Dernière lettre en provenance d'Italie ... Les journaux nous abreuvent de bonnes nouvelles. C'est Jordon qui guérit du SIDA, c'est ce chercheur américain qui écrit un livre pour raconter comment il a vaincu le SIDA, livre qui a été traduit dans plusieurs pays dont la France et l'Italie. Et l'on assiste à une démobilisation générale des associations et de la presse ; le SIDA n'est-il pas devenu une maladie chronique ? Depuis l'arrivée des trithérapies, on assiste à un immonde "chacun pour soi". Je me soigne, le traitement fonctionne ; pourquoi devrais-je donc m'intéresser au sort de ceux qui n'ont pas la chance de se soigner comme moi ? Notons également la sortie en Italie d'un livre au titre évocateur "SIDA, la grande magouille" (AIDS la grande truffa) où les auteurs italiens affirment que le SIDA n'est, somme toute, qu'une petite chose sans importance et que la situation est loin d'être aussi dramatique qu'on veut bien le dire en Afrique et en Asie. C'est le premier livre révisionniste ; le SIDA ça n'existe pas, ça n'a jamais existé !!!

Je m'aperçois, après avoir envoyé des milliers de lettres et dépensé des milliers de francs, que je ferai mieux d'économiser cet argent pour pouvoir acheter mes médicaments (je dois faire l'avance des frais et je fais donc partie des gens pour qui le slogan "pas d'argent, pas de soins" est bel et bien une réalité) ou faire un très beau voyage. Au fond, que les SDF, les détenus, les Africains, les Européens du Sud n'aient pas accès aux trithérapies n'intéresse personne : "informations impubliables ; "nous transmettons à notre bureau parisien" ; "cette situation est dramatique, mais nous sommes impuissants". Telles sont les dernières réponses à mes petites traductions qui dénoncent, la plupart du temps, des situations dramatiques, à la limite de l'indécence pour des démocraties occidentales. Cette indifférence froide et bureaucratique de gens qui parlent si bien de solidarité, de fraternité, mais qui, visiblement, ont de grands problèmes à mettre en pratique leur bla bla bla m'agace terriblement. "Pensez à tous ceux qui n'ont pas accès aux soins", a lancé le Président d'AIDES lors de l'émission de Delarue sur les trithérapies.

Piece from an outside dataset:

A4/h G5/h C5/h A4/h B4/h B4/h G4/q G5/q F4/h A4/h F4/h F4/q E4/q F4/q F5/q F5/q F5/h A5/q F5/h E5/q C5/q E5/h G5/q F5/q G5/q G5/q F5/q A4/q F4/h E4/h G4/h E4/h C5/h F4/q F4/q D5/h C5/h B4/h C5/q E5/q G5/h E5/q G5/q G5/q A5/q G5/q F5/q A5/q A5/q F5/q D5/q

Je ne fais qu'y penser. À chaque fois que j'ingurgite une pastille, je pense à tous mes amis italiens - et en particulier à Fabio - morts dans des douleurs atroces, sans pouvoir toucher un seul de ces médicaments qui leur furent promis et qui ne sont jamais arrivés.

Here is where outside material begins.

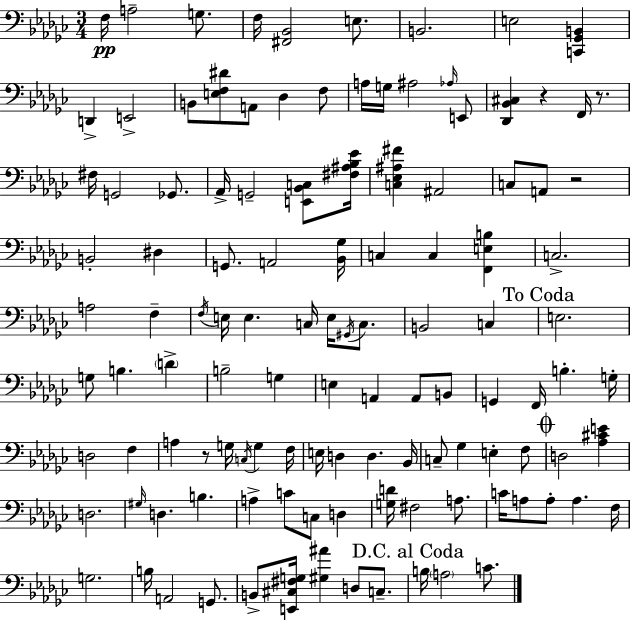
F3/s A3/h G3/e. F3/s [F#2,Bb2]/h E3/e. B2/h. E3/h [C2,Gb2,B2]/q D2/q E2/h B2/e [E3,F3,D#4]/e A2/e Db3/q F3/e A3/s G3/s A#3/h Ab3/s E2/e [Db2,Bb2,C#3]/q R/q F2/s R/e. F#3/s G2/h Gb2/e. Ab2/s G2/h [E2,Bb2,C3]/e [F#3,A#3,Bb3,Eb4]/s [C3,Eb3,A#3,F#4]/q A#2/h C3/e A2/e R/h B2/h D#3/q G2/e. A2/h [Bb2,Gb3]/s C3/q C3/q [F2,E3,B3]/q C3/h. A3/h F3/q F3/s E3/s E3/q. C3/s E3/s G#2/s C3/e. B2/h C3/q E3/h. G3/e B3/q. D4/q B3/h G3/q E3/q A2/q A2/e B2/e G2/q F2/s B3/q. G3/s D3/h F3/q A3/q R/e G3/s C3/s G3/q F3/s E3/s D3/q D3/q. Bb2/s C3/e Gb3/q E3/q F3/e D3/h [Ab3,C#4,E4]/q D3/h. G#3/s D3/q. B3/q. A3/q C4/e C3/e D3/q [G3,D4]/s F#3/h A3/e. C4/s A3/e A3/e A3/q. F3/s G3/h. B3/s A2/h G2/e. B2/e [E2,C#3,F#3,G3]/s [G#3,A#4]/q D3/e C3/e. B3/s A3/h C4/e.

Cette année, il n'y aura certainement pas de Sidaction, de nouvelles campagnes de prévention ... À quoi bon puisqu'on guérit enfin du SIDA. Moi aussi j'arrête. Je suis fatigué de me heurter à des murs, à cette indifférence polie de ceux qui ont choisi de "lutter" contre le SIDA et qui, du haut de leur siège de Président, toisent le petit peuple des séropositifs et des sidéens ... Les nouvelles stars sont bel et bien parmi nous : les Montagnier, les Aiuti, les Agnoletto.

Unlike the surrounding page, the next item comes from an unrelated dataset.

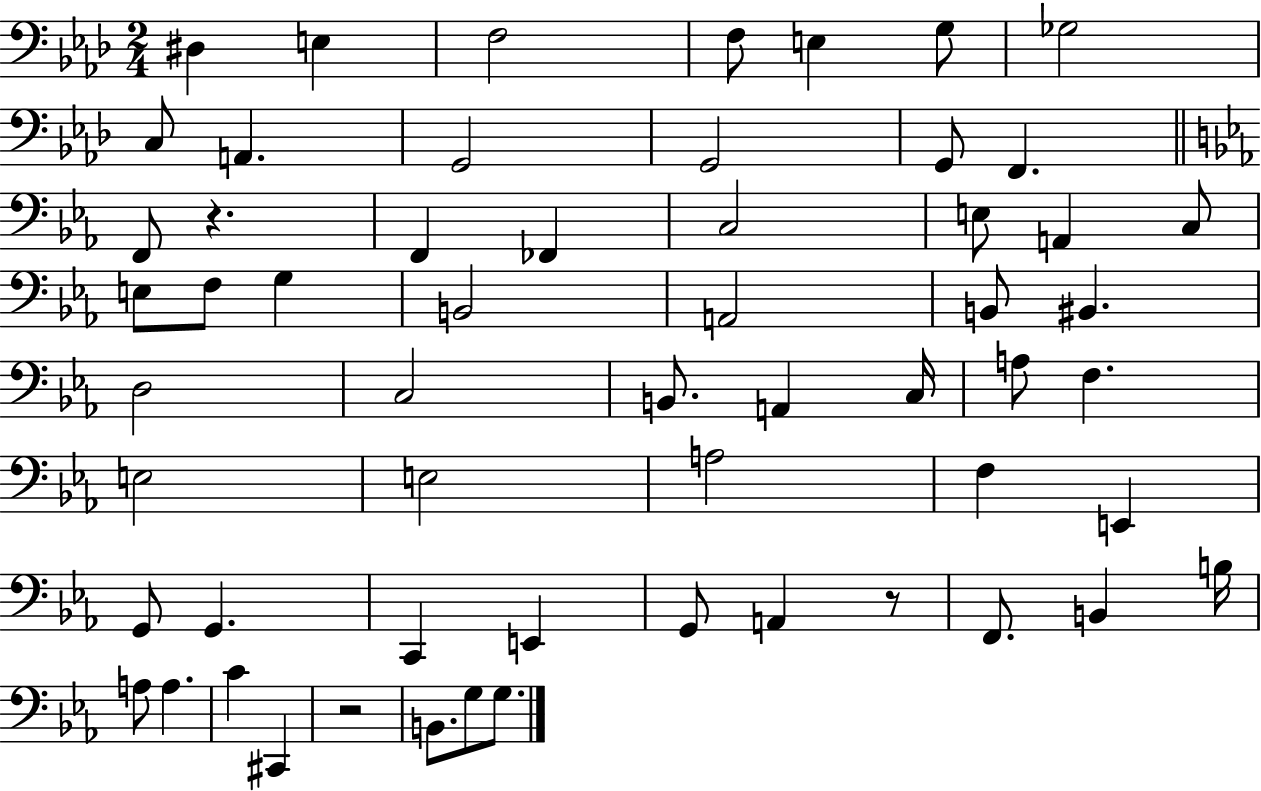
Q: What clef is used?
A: bass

Je vous remercie de m'avoir aidé ces derniers mois avec le serveur Internet de l'association POSITIFS (France). Que souhaiter ? Je n'en sais rien ... Je suis moi aussi sous trithérapie. Elle semble fonctionner, mais je n'ai pas envie de danser, de hurler de joie. Je repense hélas tous les jours à ce 15 février 1997 où, en soulevant le drap qui cachait le corps de Fabio, j'ai découvert un squelette de 18 kilos, rongé par un virus que l'on a combattu à coups d'aspirine et de Bactrim®. J'ai relu récemment les lettres que j'avais envoyées dans toute l'Europe pour acheter - je dis bien acheter - la trithérapie avant qu'il ne soit trop tard ; pour essayer de sauver Fabio. Les réponses sont polies, froides. Elles m'opposent toujours les réglementations en vigueur, les coûts, les lois, le manque de coordination européenne, et me conseillent de ne pas perdre courage.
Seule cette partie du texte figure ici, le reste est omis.